→ AIM OF THE EXERCISE
None of the pictures should appear; the lines from the line containing "Draw the shape" through the last line of the listing must be repeated exactly.

→ INPUT FOR THIS TASK
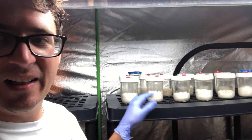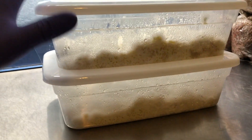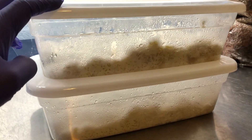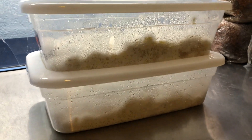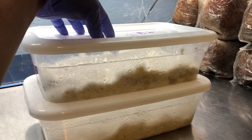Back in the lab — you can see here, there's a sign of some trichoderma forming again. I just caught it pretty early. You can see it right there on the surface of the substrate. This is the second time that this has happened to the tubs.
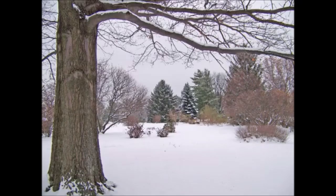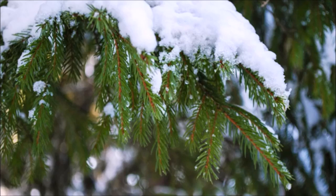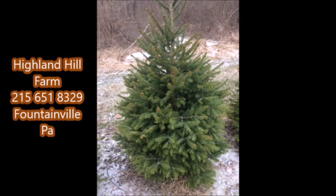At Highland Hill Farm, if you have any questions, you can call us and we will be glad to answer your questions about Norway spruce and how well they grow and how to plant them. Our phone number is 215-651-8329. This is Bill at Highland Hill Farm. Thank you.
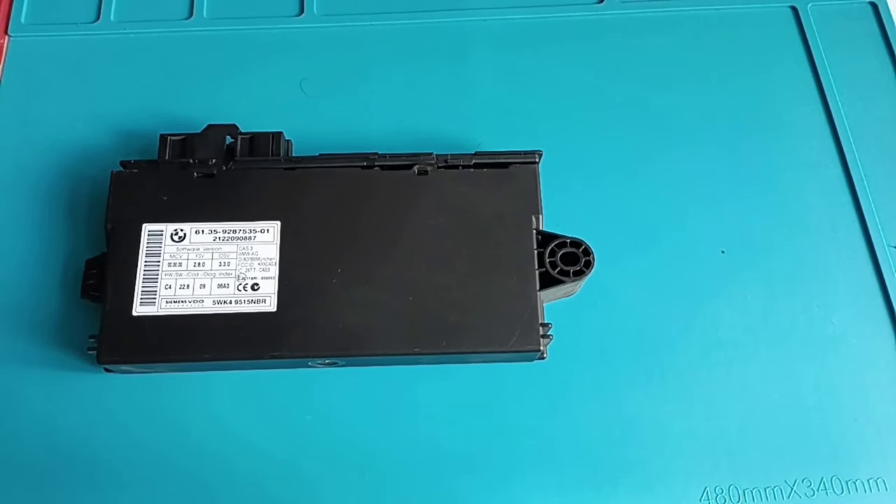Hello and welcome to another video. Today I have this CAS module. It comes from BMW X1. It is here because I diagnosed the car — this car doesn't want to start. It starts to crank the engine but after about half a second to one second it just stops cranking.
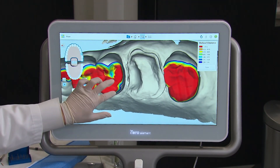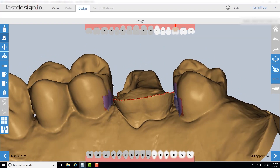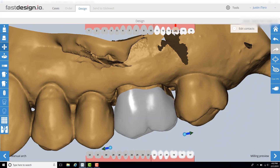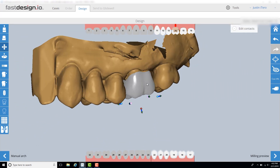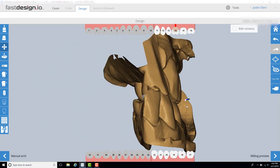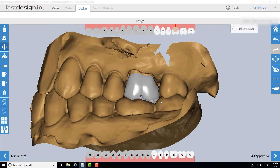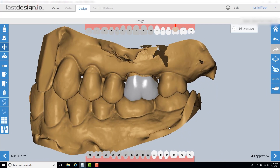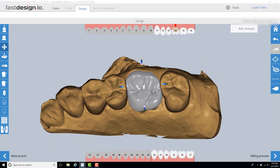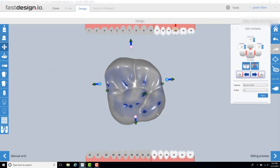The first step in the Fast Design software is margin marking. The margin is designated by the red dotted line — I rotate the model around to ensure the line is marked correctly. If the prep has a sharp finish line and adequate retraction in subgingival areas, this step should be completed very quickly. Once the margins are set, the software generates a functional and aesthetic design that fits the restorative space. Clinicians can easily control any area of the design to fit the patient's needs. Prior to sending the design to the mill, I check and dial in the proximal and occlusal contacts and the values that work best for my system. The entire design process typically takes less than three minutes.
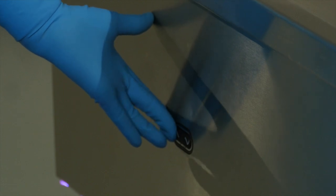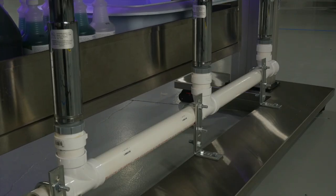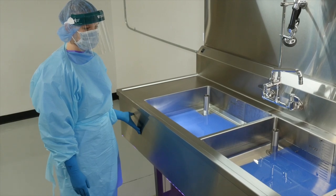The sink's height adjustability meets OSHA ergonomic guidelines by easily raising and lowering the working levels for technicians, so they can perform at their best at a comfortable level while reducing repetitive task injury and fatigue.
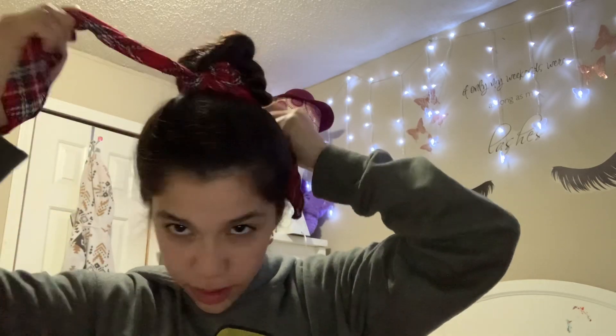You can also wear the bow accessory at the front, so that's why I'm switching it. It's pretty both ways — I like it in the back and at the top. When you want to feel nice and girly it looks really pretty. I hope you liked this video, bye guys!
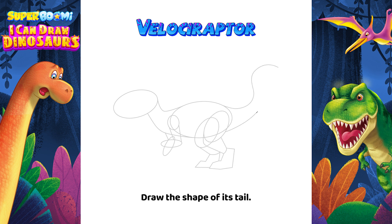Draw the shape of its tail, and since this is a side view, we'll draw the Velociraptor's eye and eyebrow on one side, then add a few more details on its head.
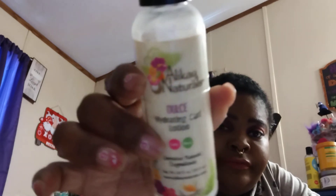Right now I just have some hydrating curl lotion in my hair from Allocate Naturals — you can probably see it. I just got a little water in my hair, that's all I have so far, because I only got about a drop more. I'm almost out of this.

→ REPLY
Draw the shape of its tail, and since this is a side view, we'll draw the Velociraptor's eye and eyebrow on one side, then add a few more details on its head.
Right now I just have some hydrating curl lotion in my hair from Allocate Naturals — you can probably see it. I just got a little water in my hair, that's all I have so far, because I only got about a drop more. I'm almost out of this.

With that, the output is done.